= Trichlorotoluene =

Trichlorotoluenes are organochlorine compounds, in particular aryl chlorides, with the formula CH3C6H2Cl3. Six constitutional isomers exist, differing in the relative position of the three chlorine substituents around the ring.
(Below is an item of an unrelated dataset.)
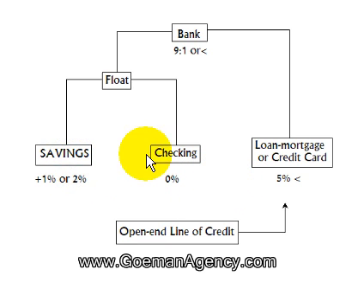First of all, most people have savings, checking, an auto loan, a mortgage, or a credit card. A bank usually pays 1-2, maybe 3% if you're lucky on savings. Personal checking usually doesn't get any interest, and they usually charge 5, 6, 7, 10% on up when it comes to mortgage, auto loans, and credit cards.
All isomers colorless and lipophilic solids.

Trichlorotoluenes
| Name | 2,3,4-Trichlorotoluene | 2,3,5-Trichlorotoluene | 2,3,6-Trichlorotoluene | 2,4,5-Trichlorotoluene | 2,4,6-Trichlorotoluene | 3,4,5-Trichlorotoluene |
|---|---|---|---|---|---|---|
| Structure |  |  |  |  |  |  |
| CAS Registry Number | [7359-72-0] | [56961-86-5] | [2077-46-5] | [6639-30-1] | [23749-65-7] | [21472-86-0] |
| Melting pt (°C) | 42.9 | 44.65 | 42.95 | 79.95 | 32.0 | 44.85 |
| Boiling pt (°C) | 249.3 | 240.4 | 241.8 | 240.5 | 235.4 | 248.3 |

==Preparation and use==
Four trichlorotoluenes—the 2,3,4-, 2,3,6-, 2,4,5-, and 2,4,6- isomers—are produced in significant yields by treatment of toluene with three equivalents of chlorine in the presence of various Lewis acids. These isomers result from the usual selectivity of electrophilic aromatic substitution reactions of substituted benzenes.

2,3,6-Trichlorotoluene is a precursor to 2,3,6-trichlorobenzoic acid (2,3,6-TBA), a commercial herbicide.